Kosdon used to run wood nosecones, if I've heard correctly. That was before my time. you're correct, it will (probably) outgass and char, ablating nicely, but the surface you're going to be left with is going to be very rough and crappy probably. At mach 3, and probably not getting to Mach 3 until 15,000+ (msl) feet with an O burning that slowly, I think a better option might be to take a standard filament-wound FG nosecone, one of the metal-tip versions, and go for adding some basic protection to that-multiple layers of high-temp BBQ paint carefully applied with full cure times in between each one, or to be extra safe, mix up a syntactic foam of sorts using some laminating epoxy, glass microballoons, and some TiO2 powder, paint it on, and sand it smooth on a lathe (you want the metal tip version so you have a place to center the part on the lathe-if you add a bunch (like a 1/16" is what I would add) of material, you can also lathe a new metal tip so you have a seamless transition from metal to the ablative).

Just my 2 cents; you've been in this hobby a lot longer than I have.
 
Using a filament wound nosecone would certainly be a major plus with the internal volume being usable. I have this mental picture of a lathe and the entire surrounding area coated in a layer of tenacious TiO2 residue from refinishing a coated nosecone! :eyepop:

Anyway, TiO2 + downwind aluminum + elevated temperatures = mild thermite, so I'm not certain I'd want to use TiO2 for that job. But at only a little over M3 the stagnation temperature may well be too low for a reaction to occur.

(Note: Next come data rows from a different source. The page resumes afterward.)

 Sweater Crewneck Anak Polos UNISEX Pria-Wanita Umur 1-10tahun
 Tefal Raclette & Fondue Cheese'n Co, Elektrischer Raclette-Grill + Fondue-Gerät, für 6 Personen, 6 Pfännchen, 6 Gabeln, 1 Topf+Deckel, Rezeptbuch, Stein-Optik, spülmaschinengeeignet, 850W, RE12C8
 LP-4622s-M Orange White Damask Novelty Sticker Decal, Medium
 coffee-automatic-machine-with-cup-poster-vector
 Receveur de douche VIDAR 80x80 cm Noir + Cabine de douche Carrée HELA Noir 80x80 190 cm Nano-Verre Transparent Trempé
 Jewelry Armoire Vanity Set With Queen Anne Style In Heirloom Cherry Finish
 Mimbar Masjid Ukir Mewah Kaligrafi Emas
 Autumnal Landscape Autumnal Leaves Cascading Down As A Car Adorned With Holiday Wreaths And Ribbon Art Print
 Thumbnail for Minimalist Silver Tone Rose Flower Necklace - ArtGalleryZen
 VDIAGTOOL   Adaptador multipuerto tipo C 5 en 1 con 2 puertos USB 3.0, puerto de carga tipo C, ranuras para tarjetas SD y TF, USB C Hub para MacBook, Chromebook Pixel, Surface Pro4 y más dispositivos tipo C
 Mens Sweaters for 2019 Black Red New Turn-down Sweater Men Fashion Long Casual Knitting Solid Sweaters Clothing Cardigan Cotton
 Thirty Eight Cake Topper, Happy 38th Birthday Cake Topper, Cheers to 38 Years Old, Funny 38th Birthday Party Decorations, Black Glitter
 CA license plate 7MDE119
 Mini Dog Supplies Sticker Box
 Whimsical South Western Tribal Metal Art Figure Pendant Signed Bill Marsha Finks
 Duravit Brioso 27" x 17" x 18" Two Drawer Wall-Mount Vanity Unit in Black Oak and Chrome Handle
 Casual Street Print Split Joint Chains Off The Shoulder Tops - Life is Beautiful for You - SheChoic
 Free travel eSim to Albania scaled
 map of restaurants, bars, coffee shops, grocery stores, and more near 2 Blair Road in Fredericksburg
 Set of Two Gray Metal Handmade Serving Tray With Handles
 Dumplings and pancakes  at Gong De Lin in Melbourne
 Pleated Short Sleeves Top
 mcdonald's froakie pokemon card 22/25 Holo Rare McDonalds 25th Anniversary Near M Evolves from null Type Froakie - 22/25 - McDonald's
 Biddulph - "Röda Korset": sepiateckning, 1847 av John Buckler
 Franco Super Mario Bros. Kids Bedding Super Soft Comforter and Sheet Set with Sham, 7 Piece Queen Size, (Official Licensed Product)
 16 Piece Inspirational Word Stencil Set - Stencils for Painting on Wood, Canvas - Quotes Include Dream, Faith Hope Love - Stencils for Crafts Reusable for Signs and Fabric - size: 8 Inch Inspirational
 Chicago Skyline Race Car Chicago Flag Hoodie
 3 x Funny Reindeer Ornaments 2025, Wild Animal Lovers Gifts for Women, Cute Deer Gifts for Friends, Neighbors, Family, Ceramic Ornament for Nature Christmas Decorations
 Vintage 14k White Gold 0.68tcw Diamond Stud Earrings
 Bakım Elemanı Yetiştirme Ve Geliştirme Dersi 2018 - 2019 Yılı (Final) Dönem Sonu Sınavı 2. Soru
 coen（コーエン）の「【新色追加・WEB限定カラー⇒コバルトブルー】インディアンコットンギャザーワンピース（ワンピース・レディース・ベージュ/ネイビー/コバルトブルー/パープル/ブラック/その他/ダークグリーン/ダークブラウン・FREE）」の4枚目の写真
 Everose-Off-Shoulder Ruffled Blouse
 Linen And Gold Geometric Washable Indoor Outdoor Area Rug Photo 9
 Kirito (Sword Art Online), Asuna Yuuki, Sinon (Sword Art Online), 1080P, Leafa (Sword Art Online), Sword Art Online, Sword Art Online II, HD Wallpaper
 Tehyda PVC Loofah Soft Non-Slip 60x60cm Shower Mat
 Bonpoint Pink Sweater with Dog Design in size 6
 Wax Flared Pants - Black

Part of the reason I was looking at making my own nosecone is I was looking for a shape closer to conical than VK. But at only M3 the CP doesn't shift too badly as long as the cone doesn't become particularly rough during the burn. VK would probably be just fine. IIRC the CP difference was only about an inch at that speed anyway. The extra volume is likely worth the tradeoff. Earlier sketched out versions of the potential rocket were much faster, some > M4. I've done nearly all I can to slow the motor without starting to sacrifice performance. I can slow it down to perhaps 16 seconds burn instead of 12 with major propellant formulation changes - but I lose density and ISP in the process so I expect it to have a negative impact on final altitude. Plus the greater time of the burn likely more than offsets the lower combustion temperature when it comes to heat soaking the assembly. I'm prepared to try for 12 seconds; I'm not sure I'm prepared to try for 16.

Tonight if I get the chance I'll look at some of the ramifications of nosecone shape to see how the tradeoffs come out. A little shorter rocket with VK, vs. a little less CP shift with conical and fins could likely be a hair smaller...

I haven't been super fond of the filament wound nosecones for this sort of project due to the exposed fiber ends from the grinding process, the high air inclusion in the layup, and the sub-optimal fiber orientation for the expected load. But mostly that would just mean it would need a surface coating, possibly a bit of internal reinforcing, and be a bit heavier than need be.